BANDA ACEH – Ketua Dewan Perwakilan Rakyat (DPR) Aceh, Saiful Bahri alias Pon Yaya, mengajak semua elemen masyarakat Aceh untuk bersama-sama ikut berkontribusi dalam proses revisi Undang-Undang Nomor 11 tahun 2006 tentang Pemerintahan Aceh atau UUPA.
“Karena draf (revisi UUPA) ini adalah draf undang-undang untuk Aceh dalam mengatur dirinya sendiri di semua sektor publik. Itu yang ditulis dalam Mou Helsinki,” ujar Pon Yaya kepada portalsatu.com di sela-sela penutupan Mubes III Partai Aceh, di Hermes Palace Hotel, Banda Aceh, Ahad, 27 Februari 2023, malam.
Pon Yaya menyebut DPRA telah membentuk Tim Advokasi UU No. 11/2006 untuk memperjuangkan revisi UUPA agar sesuai dengan Memorandum of Understanding (Mou) Helsinki.
Sebab, kata Pon Yaya, UUPA saat ini belum sesuai amanah MoU Helsinki. Contohnya tidak masuknya butir-butir MoU Helsinki dalam konsideran UUPA. Selain itu, kata dia, MoU Helsinki sudah menjelaskan cuma enam kewenangan pemerintah pusat di Aceh. “Selebihnya semua bisa diatur oleh Aceh sendiri,” ucapnya.

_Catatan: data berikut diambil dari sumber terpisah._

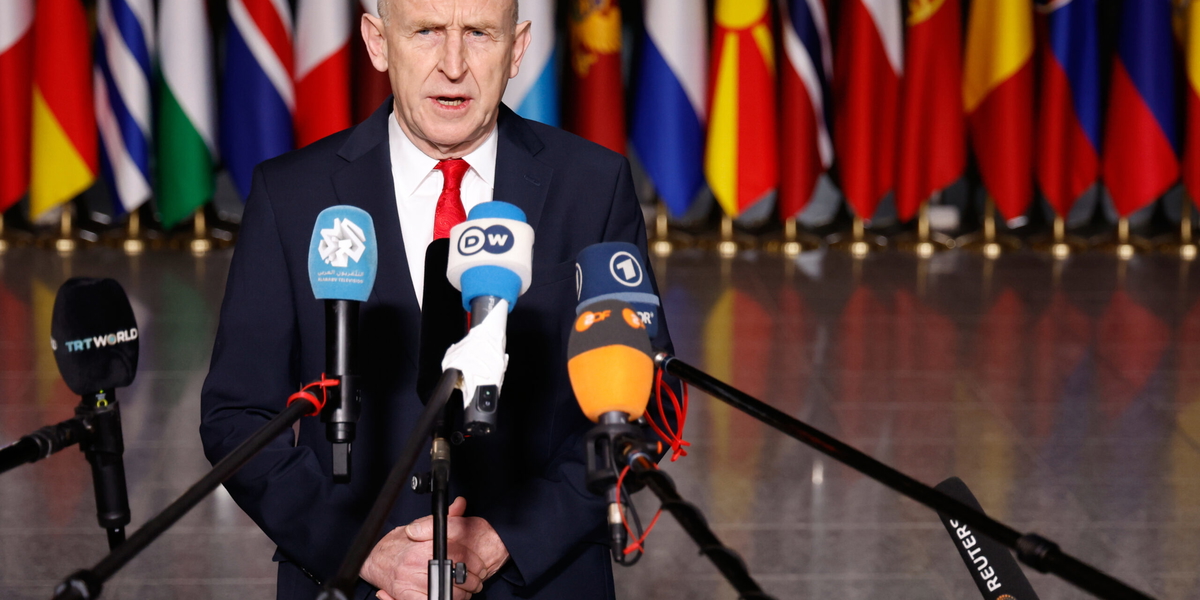 Storbritanniens försvarsminister John Healy på Natos försvarsministermöte i Bryssel.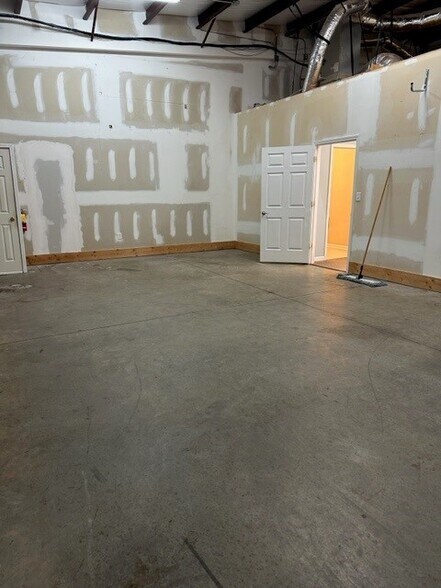 More Photos Of 441 E Ridgeway Rd, Commerce Light Distribution For Lease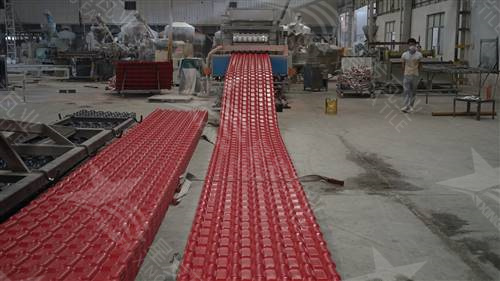 星發(fā)瓦業(yè)車(chē)間機器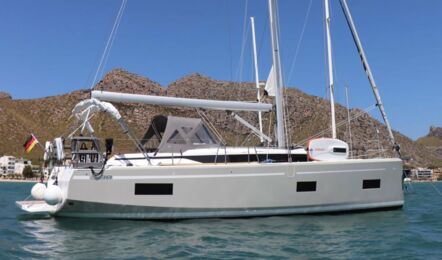 Steuerbord Aussenaufnahme der Bavaria C38 "Levante" in Palma auf Mallorca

Menurut Pon Yaya, naskah akademik dan draf revisi UUPA sudah siap, tinggal penyempurnaan. DPRA dan Tim Advokasi akan melakukan Rapat Dengar Pendapat Umum (RDPU) di kabupaten/kota se-Aceh.
“Guna menyampaikan draf yang sudah ada, dan menjaring masukan-masukan dari seluruh tokoh masyarakat untuk penyempurnaan draf tersebut,” ujar Pon Yaya.
Pon Yaya menambahkan setelah RDPU itu selesai semua tim akan kembali ke DPR Aceh untuk melakukan rapat finalisasi draf revisi UUPA.
Selanjutnya, kata Pon Yaya, DPRA akan memberitahukan kepada Badan Legislasi (Baleg) DPR RI bahwa sesuai pasal 269, rencana melakukan perubahan UUPA terlebih dahulu meminta pertimbangan DPR Aceh.
“Kami akan mengundang DPR RI untuk mengambil draf tersebut dalam rapat paripurna DPR Aceh,” ucap Pon Yaya.
Sebelumnya, Pon Yaya menyebut dalam draf baru UUPA banyak pasal yang ada saat ini perlu direvisi karena tidak sesuai kehendak perdamaian Aceh MoU Helsinki.
Pon Yaya mengatakan semangat lahirnya UUPA dari kesepahaman damai antara Gerakan Aceh Merdeka (GAM) dan Pemerintah Republik Indonesia di Helsinki Finlandia, 2005 silam.[](Adam Zainal)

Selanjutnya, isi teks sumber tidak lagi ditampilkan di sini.